I can do everything through him who gives me strength” (Philippians 4:13).
American overconfidence was mowed down by machine guns in France’s Belleau Wood. The year was 1918. It was the first time American troops fired in anger in a war that had engulfed Europe for four years. It was America’s first taste of mechanized warfare. It was a shock to our system.
In August of 1914, troops on both sides were sent off to war with flags waving, crowds cheering—with the assurance, “ You will be home before the leaves fall.” They weren’t. Except for those who came back in ambulances and caskets.
Americans watched the overseas carnage with apprehension that turned to determination. We grew confident that we could break that stalemate in the bloody and putrid trenches. With a popular song we announced to our allies over there, “The Yanks are coming! The Yanks are coming! And we won’t come back till it’s over over there.”

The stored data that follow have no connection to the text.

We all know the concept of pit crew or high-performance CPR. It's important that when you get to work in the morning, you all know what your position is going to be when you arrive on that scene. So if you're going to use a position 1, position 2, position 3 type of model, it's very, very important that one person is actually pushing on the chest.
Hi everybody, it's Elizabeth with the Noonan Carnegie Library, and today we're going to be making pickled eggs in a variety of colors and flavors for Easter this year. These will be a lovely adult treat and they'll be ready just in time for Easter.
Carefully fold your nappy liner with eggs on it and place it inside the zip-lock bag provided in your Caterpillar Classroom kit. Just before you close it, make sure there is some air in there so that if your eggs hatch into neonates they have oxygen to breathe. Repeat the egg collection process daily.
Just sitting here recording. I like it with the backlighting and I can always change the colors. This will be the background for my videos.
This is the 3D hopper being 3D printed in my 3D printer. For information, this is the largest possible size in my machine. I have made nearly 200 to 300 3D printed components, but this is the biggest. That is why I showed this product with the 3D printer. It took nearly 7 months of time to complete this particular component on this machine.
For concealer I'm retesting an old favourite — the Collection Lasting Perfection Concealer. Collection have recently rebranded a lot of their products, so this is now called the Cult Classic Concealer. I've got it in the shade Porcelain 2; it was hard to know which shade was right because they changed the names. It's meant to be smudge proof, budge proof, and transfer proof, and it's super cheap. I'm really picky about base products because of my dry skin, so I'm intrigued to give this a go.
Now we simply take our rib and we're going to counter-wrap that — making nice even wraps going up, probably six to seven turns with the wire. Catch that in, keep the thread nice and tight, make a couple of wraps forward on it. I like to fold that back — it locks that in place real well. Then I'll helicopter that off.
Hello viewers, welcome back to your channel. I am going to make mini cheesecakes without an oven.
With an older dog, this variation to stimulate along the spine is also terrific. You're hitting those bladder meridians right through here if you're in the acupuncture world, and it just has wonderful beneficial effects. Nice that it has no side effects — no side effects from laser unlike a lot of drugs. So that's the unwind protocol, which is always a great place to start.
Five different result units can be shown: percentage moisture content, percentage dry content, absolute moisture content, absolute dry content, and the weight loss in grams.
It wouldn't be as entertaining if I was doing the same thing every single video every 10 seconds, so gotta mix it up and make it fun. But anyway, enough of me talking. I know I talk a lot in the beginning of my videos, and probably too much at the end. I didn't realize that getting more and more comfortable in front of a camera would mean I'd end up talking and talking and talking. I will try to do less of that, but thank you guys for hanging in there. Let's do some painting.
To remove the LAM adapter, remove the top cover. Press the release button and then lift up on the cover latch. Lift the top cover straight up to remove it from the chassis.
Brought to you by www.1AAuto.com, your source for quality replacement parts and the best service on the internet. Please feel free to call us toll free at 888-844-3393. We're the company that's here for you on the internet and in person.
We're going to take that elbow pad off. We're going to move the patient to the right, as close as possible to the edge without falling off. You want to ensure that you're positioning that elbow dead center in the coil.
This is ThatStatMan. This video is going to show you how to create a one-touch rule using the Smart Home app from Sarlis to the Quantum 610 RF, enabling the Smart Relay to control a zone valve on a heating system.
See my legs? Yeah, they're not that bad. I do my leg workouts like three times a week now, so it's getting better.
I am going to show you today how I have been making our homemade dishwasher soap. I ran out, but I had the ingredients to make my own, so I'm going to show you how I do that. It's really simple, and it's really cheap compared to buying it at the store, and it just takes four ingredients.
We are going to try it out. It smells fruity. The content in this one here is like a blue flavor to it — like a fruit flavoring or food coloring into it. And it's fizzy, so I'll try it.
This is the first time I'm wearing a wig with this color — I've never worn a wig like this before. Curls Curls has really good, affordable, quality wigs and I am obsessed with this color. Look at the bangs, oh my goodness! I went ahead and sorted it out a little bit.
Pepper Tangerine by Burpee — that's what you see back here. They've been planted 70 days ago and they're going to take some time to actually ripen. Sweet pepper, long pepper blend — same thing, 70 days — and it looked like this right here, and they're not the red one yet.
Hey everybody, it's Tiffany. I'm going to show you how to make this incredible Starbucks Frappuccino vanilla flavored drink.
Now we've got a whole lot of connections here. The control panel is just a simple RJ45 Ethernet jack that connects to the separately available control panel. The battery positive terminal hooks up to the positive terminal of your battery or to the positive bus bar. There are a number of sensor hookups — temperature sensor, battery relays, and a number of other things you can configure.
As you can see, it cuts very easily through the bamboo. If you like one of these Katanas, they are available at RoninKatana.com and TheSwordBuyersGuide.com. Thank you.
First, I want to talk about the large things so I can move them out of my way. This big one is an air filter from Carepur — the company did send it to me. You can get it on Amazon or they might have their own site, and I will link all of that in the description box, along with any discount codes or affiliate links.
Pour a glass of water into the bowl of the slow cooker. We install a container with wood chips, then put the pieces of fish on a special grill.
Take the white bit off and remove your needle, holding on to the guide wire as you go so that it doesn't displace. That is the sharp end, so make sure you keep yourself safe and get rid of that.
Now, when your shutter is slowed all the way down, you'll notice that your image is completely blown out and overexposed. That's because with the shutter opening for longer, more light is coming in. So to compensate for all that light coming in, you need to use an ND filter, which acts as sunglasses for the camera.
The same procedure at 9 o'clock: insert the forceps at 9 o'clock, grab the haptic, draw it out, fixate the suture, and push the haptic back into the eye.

Many Yanks are still over there. Some lie in Flanders’ fields under crosses row on row. Some graves are marked with only, “Known but to God.”
In the first day of the first battle at Belleau Wood there were 1,000 American casualties. By the end of the battle, some 10,000.
American Marines and Soldiers may have gained a victory there. But they also lost something: their overconfidence.
Confidence is a good thing. Training in the U.S. Armed Forces builds confidence. Experience in the field sharpens it. Pity the warrior who has no confidence in his leaders, or weapons, or his fighting ability. Pity more the one who is overconfident. For him, ruin awaits.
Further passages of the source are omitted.